C'est une première en France : cinq sites internet accusés de "faire l'apologie du terrorisme" ont vu leur accès bloqué. Le gouvernement a demandé aux fournisseurs d'accès de bloquer tout moyen de se connecter à ces sites. La mesure était incluse dans la loi antiterrorisme, votée en novembre dernier.

Ils s'appellent "Mujahadia 89", "islamic-news" ou encore "Al Hayat Media Center" – ce dernier étant même directement relié à l'Etat Islamique. Ces trois sites, ainsi que deux autres, ont été bloqués par le gouvernement, en fin de semaine dernière, a annoncé le ministère de l'Intérieur lundi soir. Catalogués par la place Beauveau comme des sites "se livrant à l'apologie du terrorisme", ils diffusaient des messages de propagande de l'Etat Islamique , y compris des images de décapitation.

Pour procéder au blocage, l'Office central de lutte contre la criminalité liée aux technologies de l'information et de la communication (OCLCTIC), qui dépend de la Police judiciaire, a enjoint les fournisseurs d'accès à Internet à couper tous les accès à ces cinq sites . Les FAI concernés ont ensuite eu 24 heures pour se plier à l'invective. "Nous allons voir comment cela va répondre en face ", explique un représentant du ministère de l'Intérieur, qui reconnaît qu'il aurait été plus facile de bloquer directement les hébergeurs des sites, mais que ceux-ci "n'ont pu être identifiés ".

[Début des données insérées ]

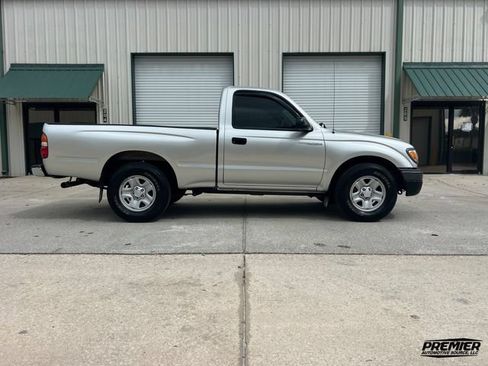 Used 2004 Toyota Tacoma 2WD Regular Cab w/ Enhancement Pkg image 6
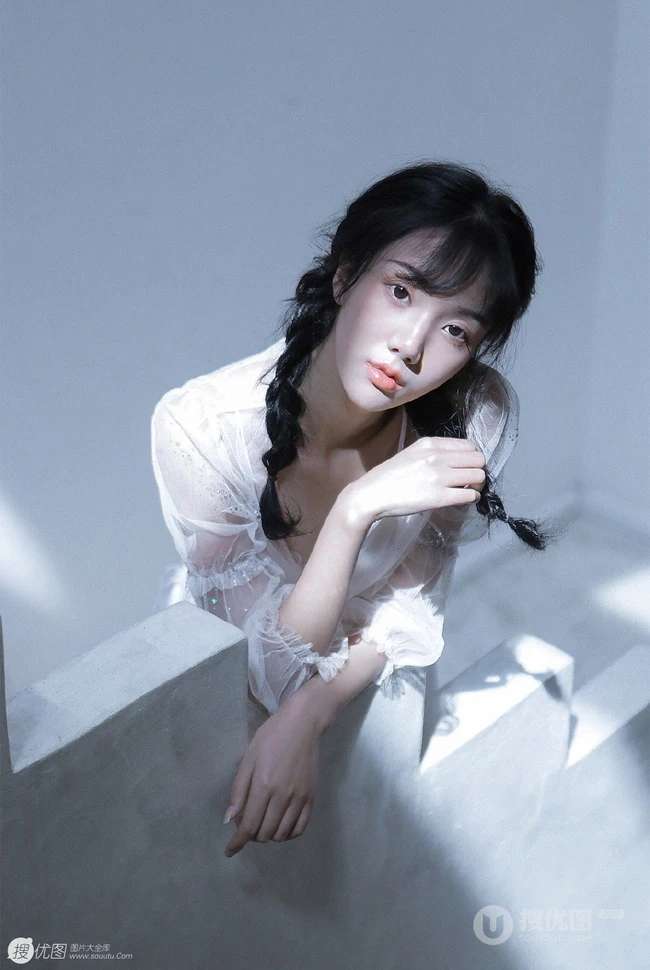 谁说骨感不能气质？高颜值双麻花辫女生轻纱白裙超高清私密图片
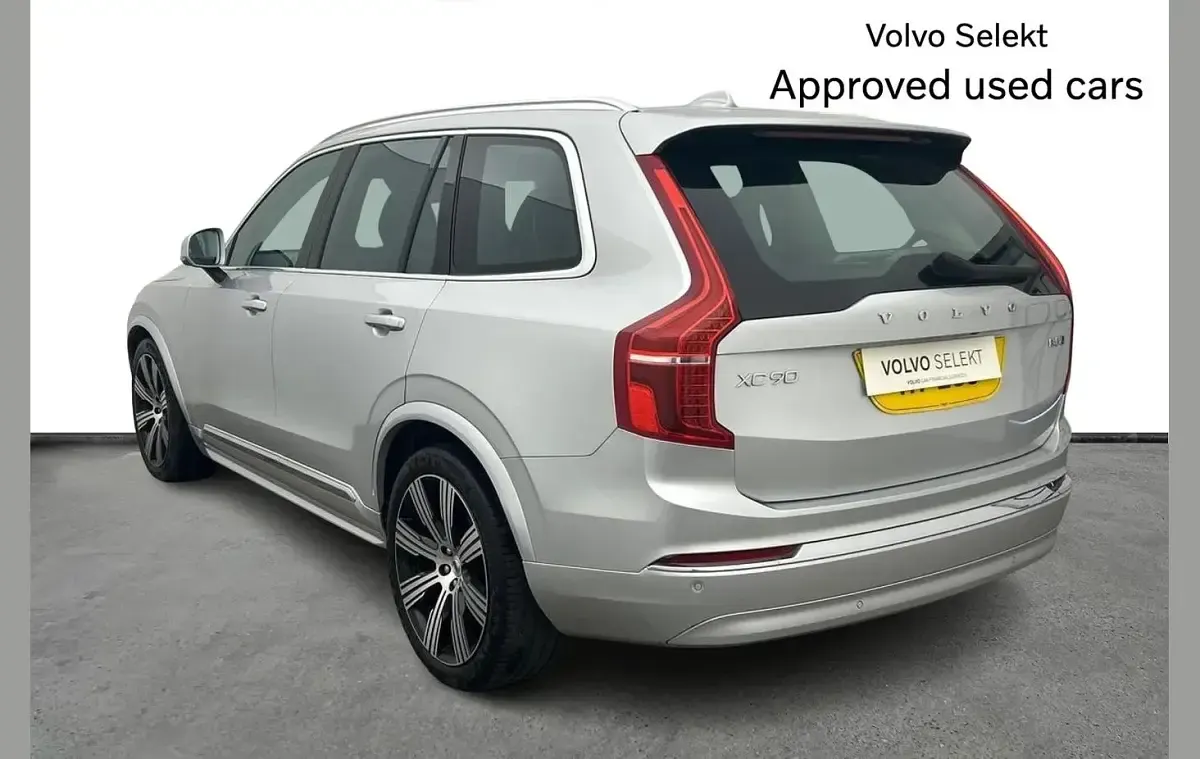 Usado Volvo XC90 Inscription 235 HP (172 kW) 2021 Prateado SUV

Des dizaines d'autres sites visés

Cette disposition est une première en France, et la seconde application concrète de la loi antiterrorisme votée en novembre 2014, après la confiscation des passeports de six Français qui s'apprêtaient à partir en Syrie. Le ministère de l'Intérieur a annoncé que d'autres opérations allaient viser "plusieurs dizaines " d'autres sites web potentiellement concernés. 

"Ce ne sont pas des sites d'opinion (...) ; l'apologie est un délit, il n'y a aucune ambiguïté possible sur ces sites-là" — Ministère de l'Intérieur

Dans le même temps, cinq autres sites, qualifiés pour leur part de "pédopornographiques" , ont également été bloqués selon le même procédé.